Ainsi, si les modalités d’exécution de l’activité déclarées ne sont pas respectées alors les compagnies d’assurance ne sont pas tenues de mobiliser leur garantie[2]. Il incombe alors à l’assuré de préciser l’ensemble des activités pratiquaient ainsi que les activités subsidiaires afin d’éviter tout refus de garantie.

Car il est vrai que l’assureur est tenu à une obligation de conseil lors de la souscription d’une police d’assurance, cependant l’obligation d’information quant à elle incombe à l’assuré.

A titre d’illustration, La première chambre civile de la Cour de cassation a admis, par deux arrêts de principe en 1997[3], que les contrats d’assurance de responsabilité civile décennale se limitent uniquement aux activités professionnelles préalablement déclarées par l’assuré.

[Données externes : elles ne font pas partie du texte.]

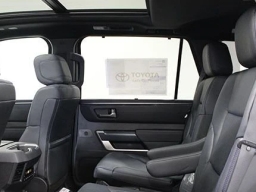 Toyota Sequoia Platinum 4WD (Natl) 2026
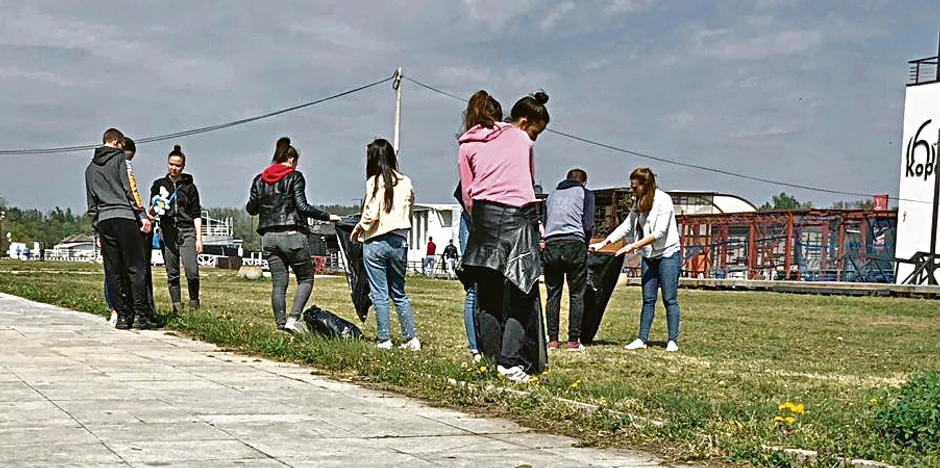 Jedan od poslova koji su učenici drage volje prihvatili jeste i čišćenje keja na Novom Beogradu, na šta su ponosni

Néanmoins, la jurisprudence est également claire à ce sujet, l’assureur n’est pas tenu d’enquêter avant souscription sur la déclaration effectuée par l’assuré ni de savoir si cette déclaration d’activité est conforme à la réalité. [4]

Il est donc opportun de vérifier sur chaque contrat et chaque attestation l’activité déclarée.

De surcroît, la clause qui mentionne « l’activité selon un procédé de travaux spécifique », le procédé constitue également l’activité.[5]

A titre d’illustration, une entreprise qui déclare l’activité suivante « aménagement des combles et greniers » et indique dans l’objet du contrat d’assurance un procédé spécifique « harnois »[6], alors en ayant recours à un tel procédé technique cela suppose que l’entreprise assurée détienne des compétences en la matière au jour de la souscription du contrat. De telle sorte qu’en cas de réalisation de travaux, et conformément à la clause contractuelle, le recours au procédé constructif visé constitue également l’activité du contrat et non une simple modalité d’exécution de l’activité.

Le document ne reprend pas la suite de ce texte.